Another key issue is the return of human remains stolen by the Germans. Twenty skulls were returned in 2011 to be welcomed by warriors on horseback, ululations and tears. Hundreds, perhaps thousands, remained.
‘Uncomfortable thesis’
Jürgen Zimmerer, a historian at Hamburg University and consultant to the new exhibition, argued that “colonial amnesia” had created a warped perspective on later German crimes in the 20th century.
“If you focus only on the 30 years of imperial Germany’s excursions into Africa, then of course the story pales in comparison to the colonial histories of other European nations, such as Britain or Belgium,” Zimmerer said.
“But it’s important to see Germany’s history in Africa as continuous with its better-known dark chapters in the 30s and 40s. In Africa, Germany experimented with the criminal methods it later applied during the Third Reich, for example through … the colonisation of eastern and central Europe … There is a trend among the public to view the Nazi period as an aberration of an otherwise enlightened history. But engaging with our colonial history confronts us with a more uncomfortable thesis.”
Recent historical works have highlighted the links between the fate of the Herero and Nama, and that of European Jews. Ideas and techniques that would play a key role in the Holocaust have some of their roots in German atrocities in colonial Africa, researchers argue.
Other former colonial powers have been deeply reluctant to acknowledge the violence associated with their imperial history.
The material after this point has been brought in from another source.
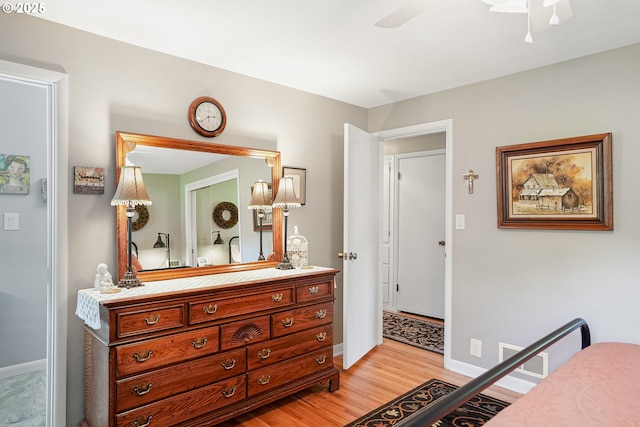 bedroom with light wood-style floors, baseboards, and a ceiling fan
Belgium has never officially recognised the cost of its invasion and exploitation of Congo, where about 10 million people – roughly half the country’s population – are thought to have died during its rule.
In 2013 the UK government reluctantly offered “sincere regret” and £2,600 each to about 5,000 Kenyans imprisoned and tortured during the Mau Mau rebellion in the former colony in the 1950s.
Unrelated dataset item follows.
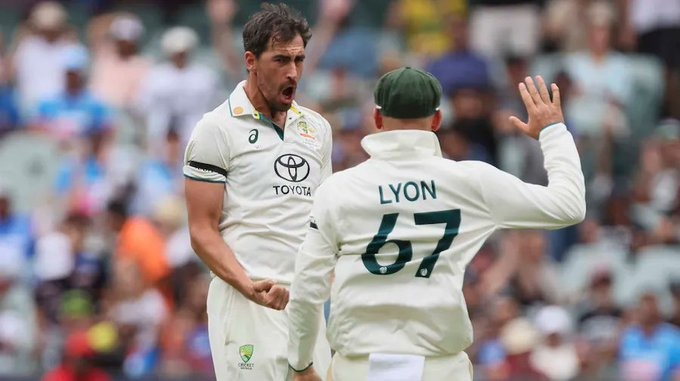 Mitchell Starc celebrates six-wicket haul against India during pink-ball Test.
A video of Indian politician Shashi Tharoor demanding a token £1 reparation to India from the UK at the Oxford Union attracted more than 3m views on YouTube last year, and earned an endorsement from Narendra Modi, the Indian prime minister.
“Reparations payments to Namibia could set a precedent for Belgium and the Congo, France and Algeria or Great Britain and the history of the slave trade. Descendants of the Herero know that too,” Zimmerer, the historian, said. Some experts have argued reparations would be impractical.
Rukoro, the Herero chief, rejected what he called Germany’s “chequebook diplomacy” and bilateral dealings with the Namibian government. “Guess what: the Hereros and the Namas of Namibia will never … declare ceasefire with generations of German governments to come. Our war will continue,” he said.